Task to carry out: Would you transcribe the lines running from the one that holds "Shirtless male surfer on a wave at sunny day" to the last line of the records? Leave every picture out.

'''

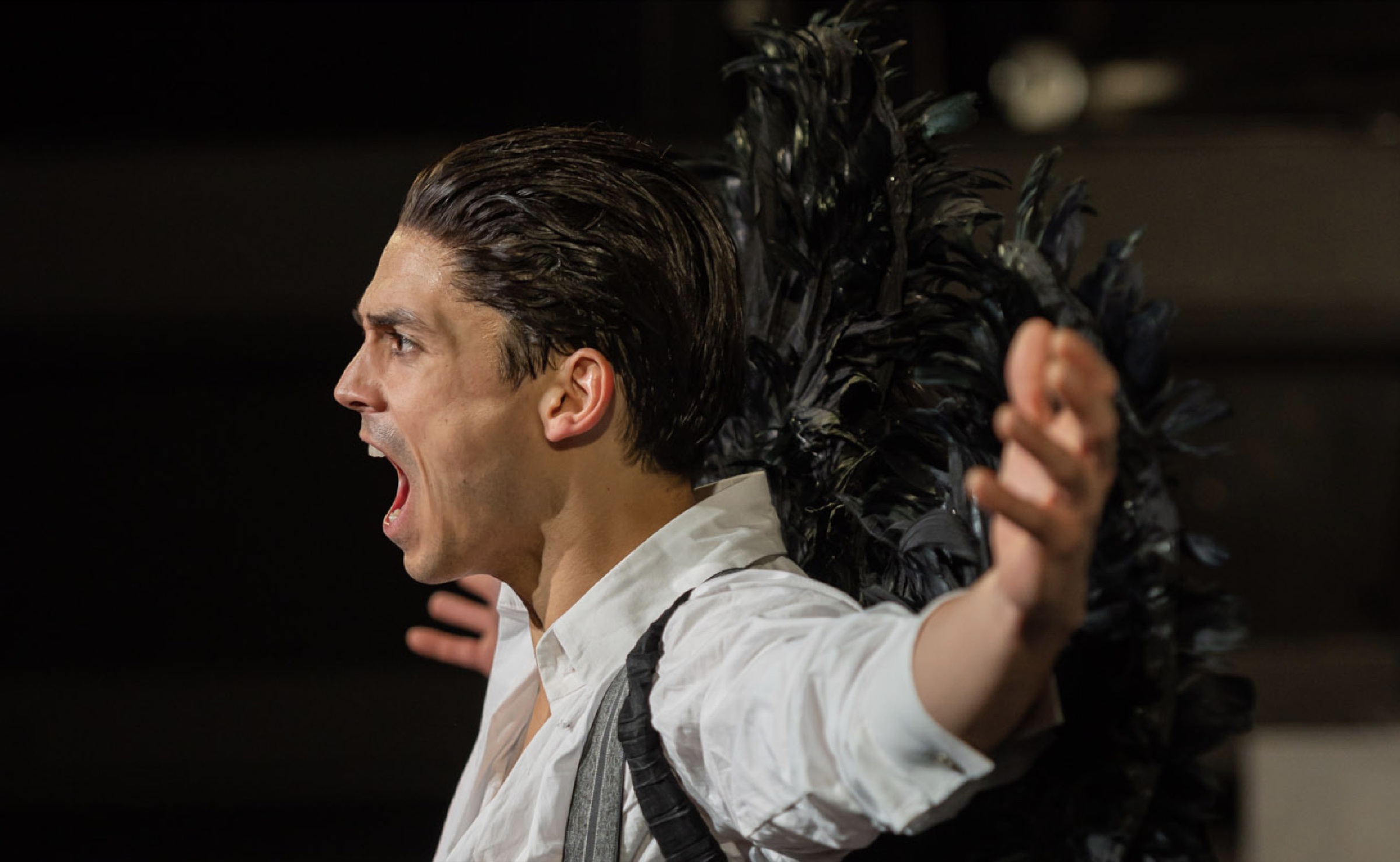 Actor in a white shirt shouting, black feathers behind him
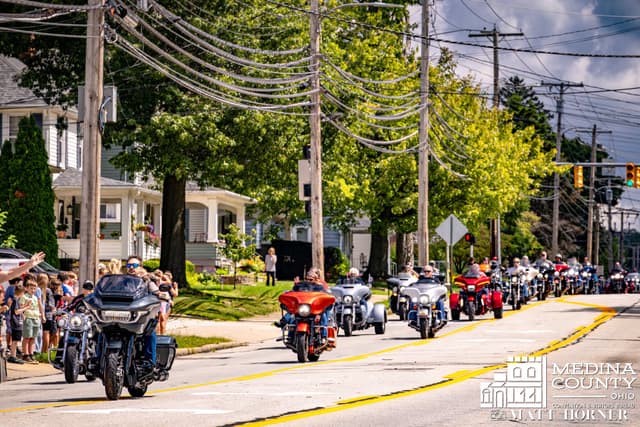 The motorcycle escort moves down a street lined with neighbors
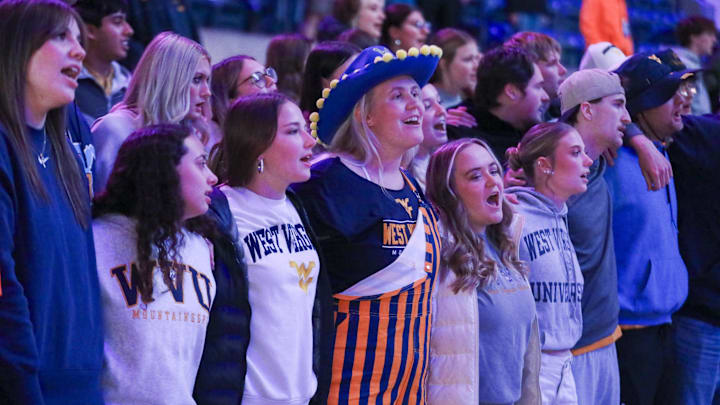 Nov 17, 2025; Morgantown, West Virginia, USA; West Virginia Mountaineers students sing “Country Roads” after defeating the Lafayette Leopards at WVU Coliseum. Mandatory Credit: Ben Queen-Imagn Images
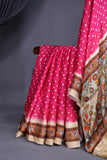 A lovely hot pink Bandini saree with kalamkari print on Modal silk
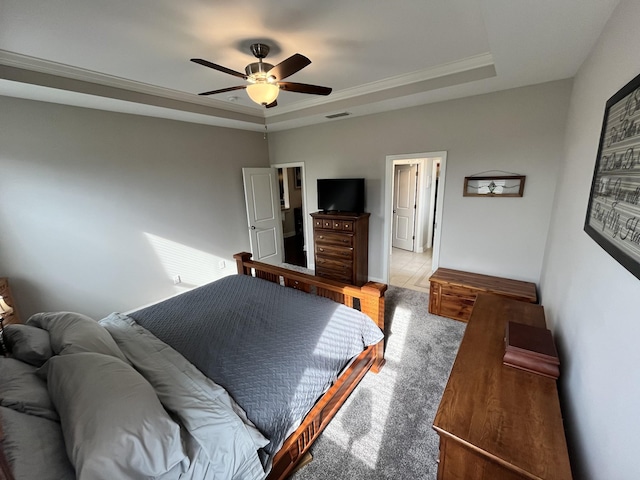 carpeted bedroom featuring a raised ceiling, ceiling fan, and crown molding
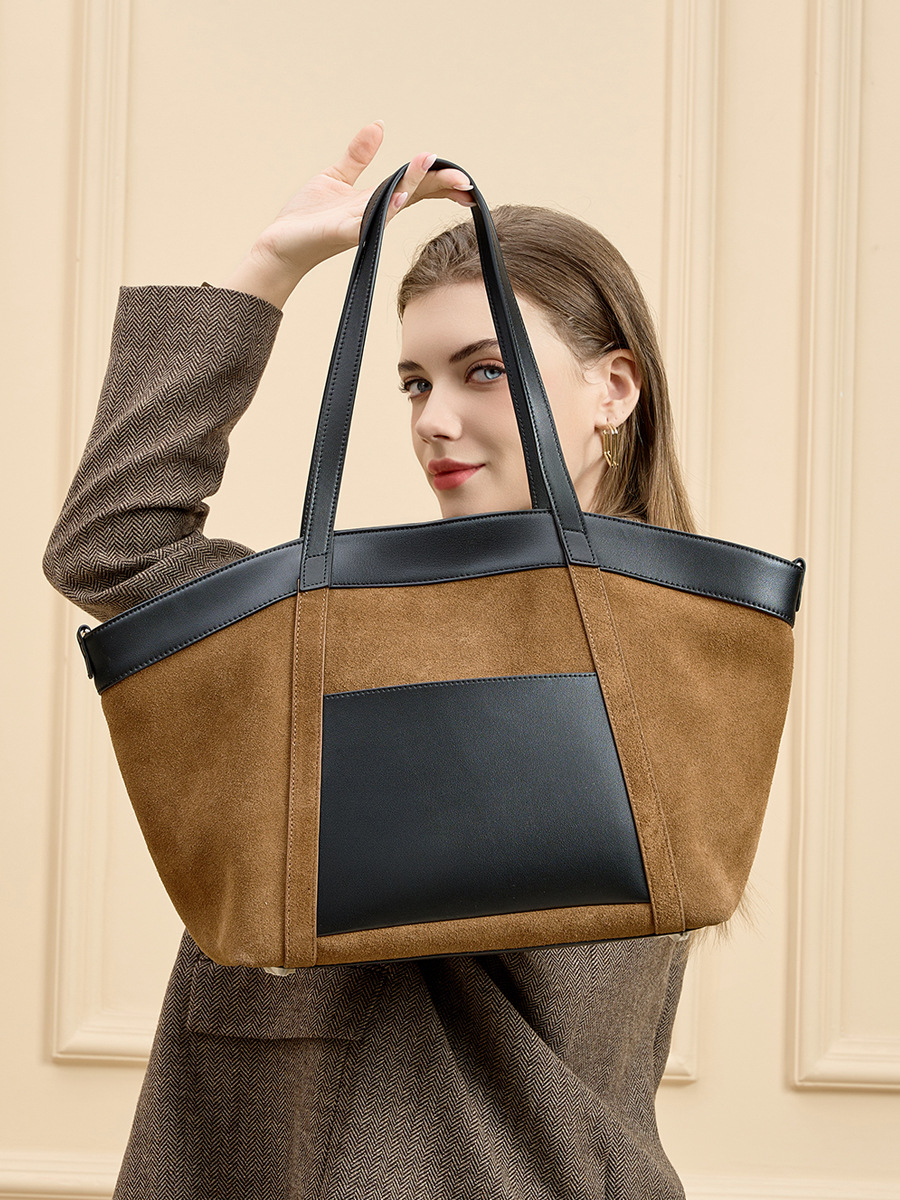Model showcasing Suede Leather Retro Tote Bag in Caramel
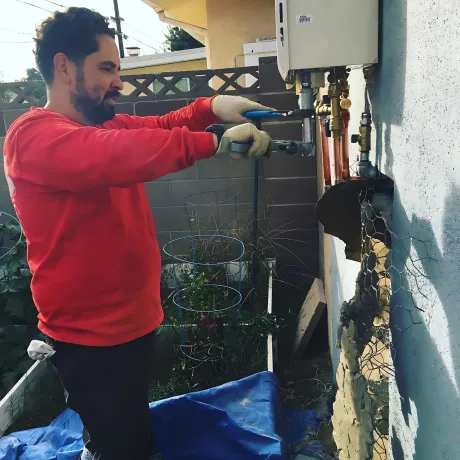 Ted & Bros Plumbing | man in a red shirt is working on a pipe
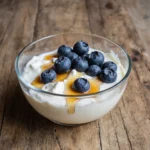 Greek yogurt with fresh blueberries and honey in a glass bowl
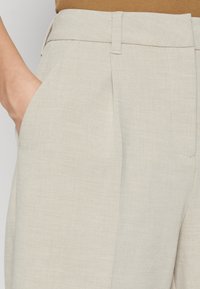 Beige, szabott nadrág sima textúrával, oldalsó zsebekkel és lapos elülső résszel. A derékszíj enyhén megemelt, letisztult kivitelben.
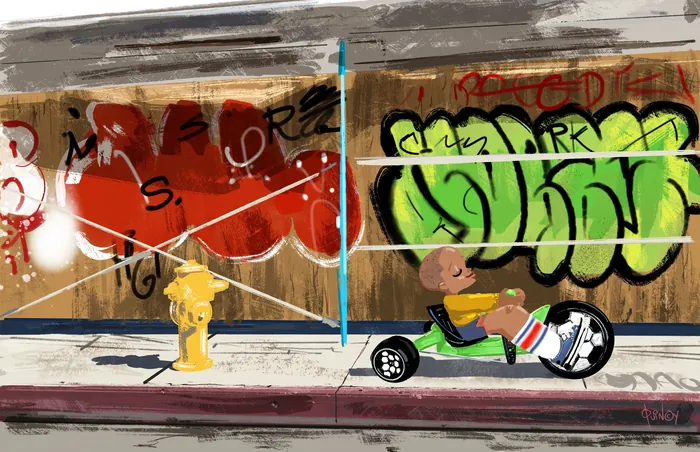 Child riding a toy car near graffiti wall by Quincy Sutton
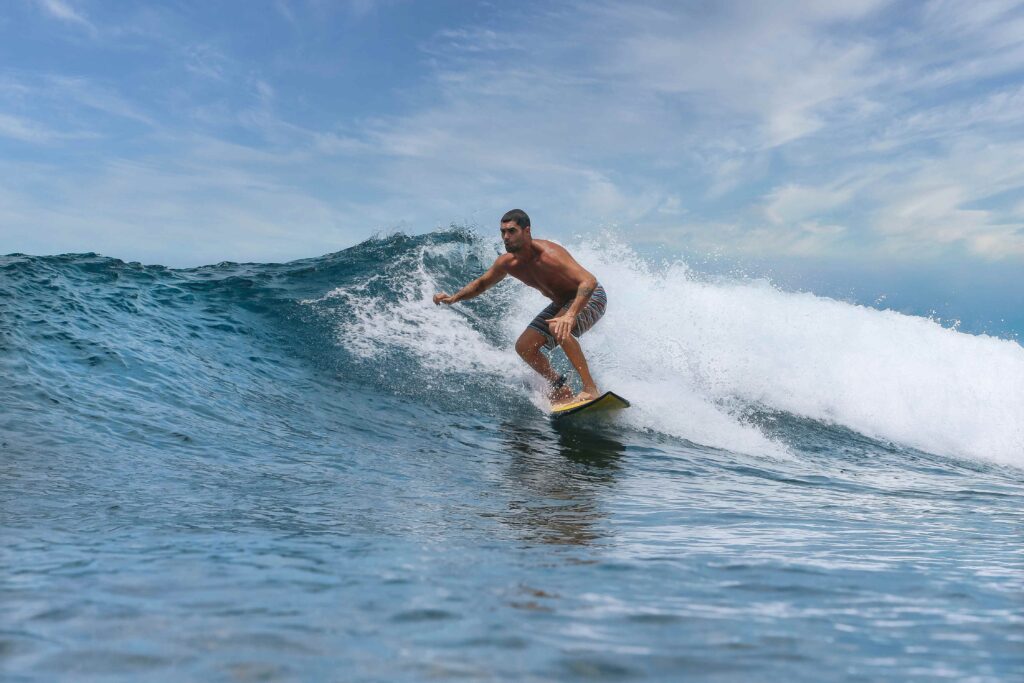 Shirtless male surfer on a wave at sunny day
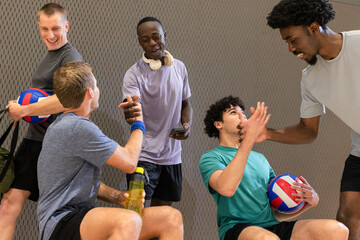 Diverse male volleyball partners resting in sports hall holding volleyballs and water bottle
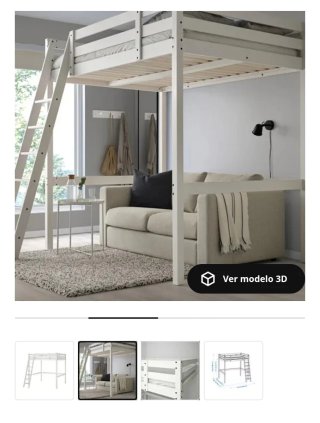 Cama alta grande con colchón.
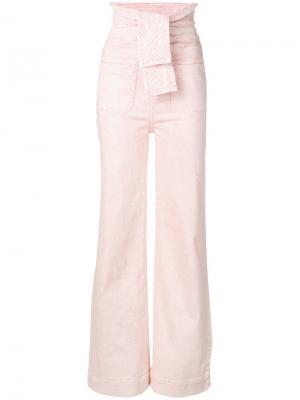 Расклешенные джинсы с завязками Ulla Johnson. Цвет: розовый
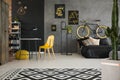 Black and yellow posters on concrete wall in spacious flat inter Royalty Free Stock Photo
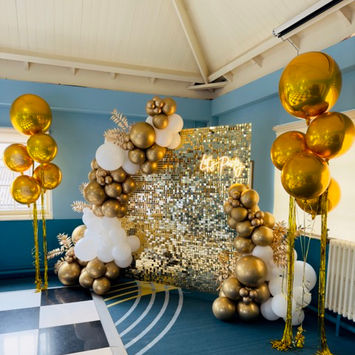 Gold and white colours balloons with a gold shimmer wall for an amazing Gatsby party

'''

Final answer:
 Shirtless male surfer on a wave at sunny day
 Diverse male volleyball partners resting in sports hall holding volleyballs and water bottle
 Cama alta grande con colchón.
 Расклешенные джинсы с завязками Ulla Johnson. Цвет: розовый
 Black and yellow posters on concrete wall in spacious flat inter Royalty Free Stock Photo
 Gold and white colours balloons with a gold shimmer wall for an amazing Gatsby party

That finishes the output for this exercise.